START Data to process
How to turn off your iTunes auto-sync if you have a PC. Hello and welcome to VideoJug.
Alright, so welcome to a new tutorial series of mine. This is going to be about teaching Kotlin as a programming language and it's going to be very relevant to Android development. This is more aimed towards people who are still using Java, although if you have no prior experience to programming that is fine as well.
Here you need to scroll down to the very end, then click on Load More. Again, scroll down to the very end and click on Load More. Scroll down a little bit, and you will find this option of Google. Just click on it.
END Data to process
START Data to process
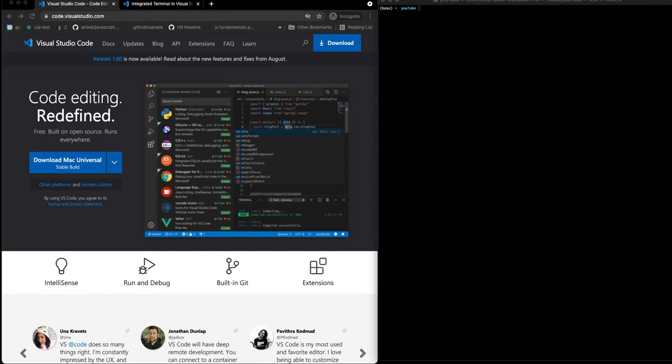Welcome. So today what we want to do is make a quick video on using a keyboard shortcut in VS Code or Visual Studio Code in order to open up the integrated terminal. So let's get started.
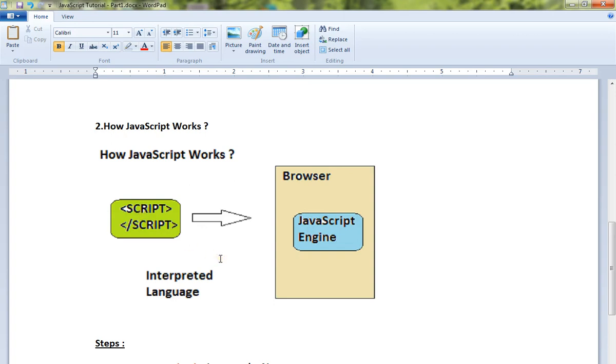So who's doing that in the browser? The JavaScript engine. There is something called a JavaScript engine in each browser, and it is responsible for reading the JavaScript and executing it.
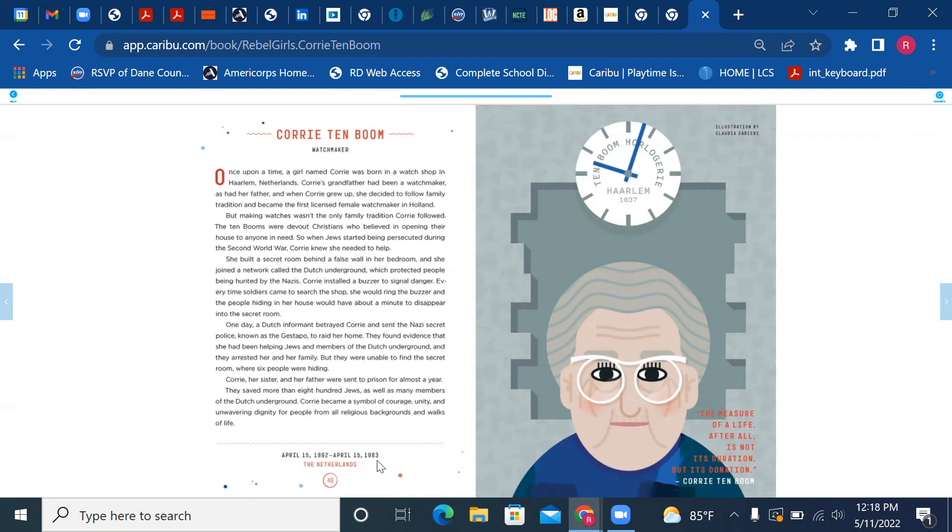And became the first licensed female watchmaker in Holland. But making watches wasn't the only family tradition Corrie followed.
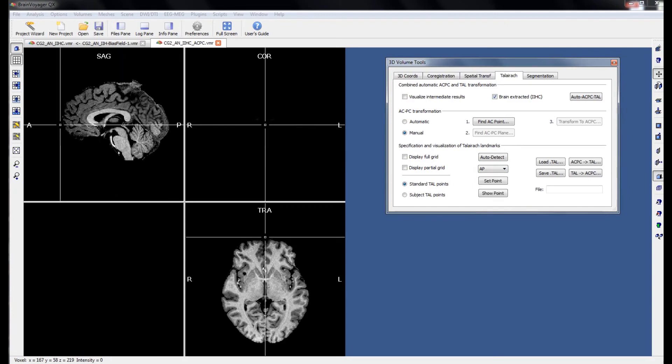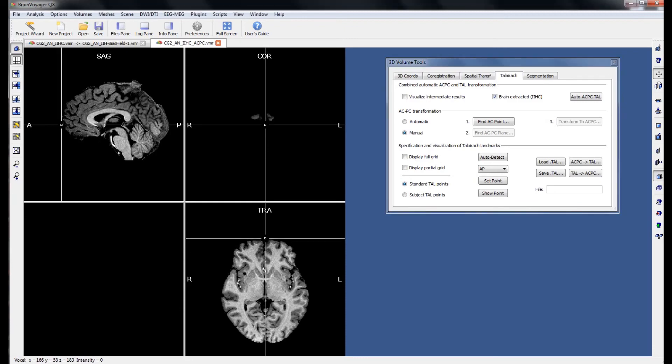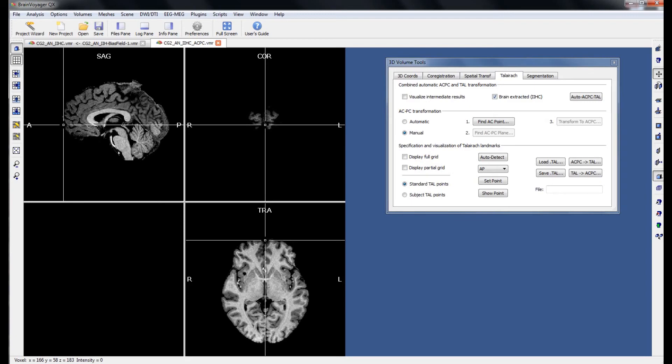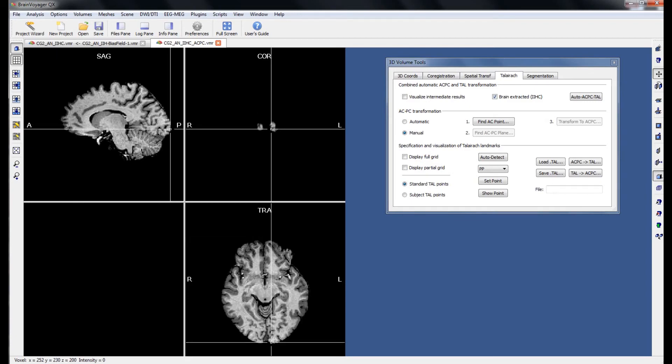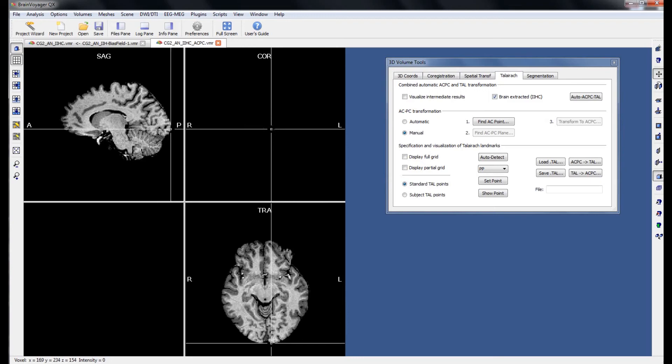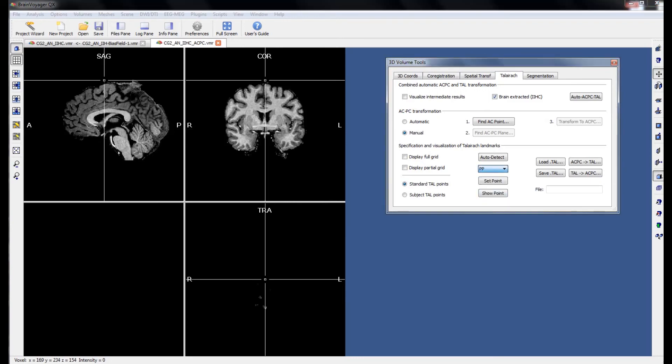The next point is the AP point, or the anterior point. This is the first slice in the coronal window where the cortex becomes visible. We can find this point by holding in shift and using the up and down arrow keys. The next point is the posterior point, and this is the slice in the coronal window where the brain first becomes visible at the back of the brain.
END Data to process
→ Exercise:
In the listing above, find the line containing "How to turn" and the line containing "Alright, so welcome". Output them and every line between, exactly, and nothing else.

→ Finished exercise:
How to turn off your iTunes auto-sync if you have a PC. Hello and welcome to VideoJug.
Alright, so welcome to a new tutorial series of mine. This is going to be about teaching Kotlin as a programming language and it's going to be very relevant to Android development. This is more aimed towards people who are still using Java, although if you have no prior experience to programming that is fine as well.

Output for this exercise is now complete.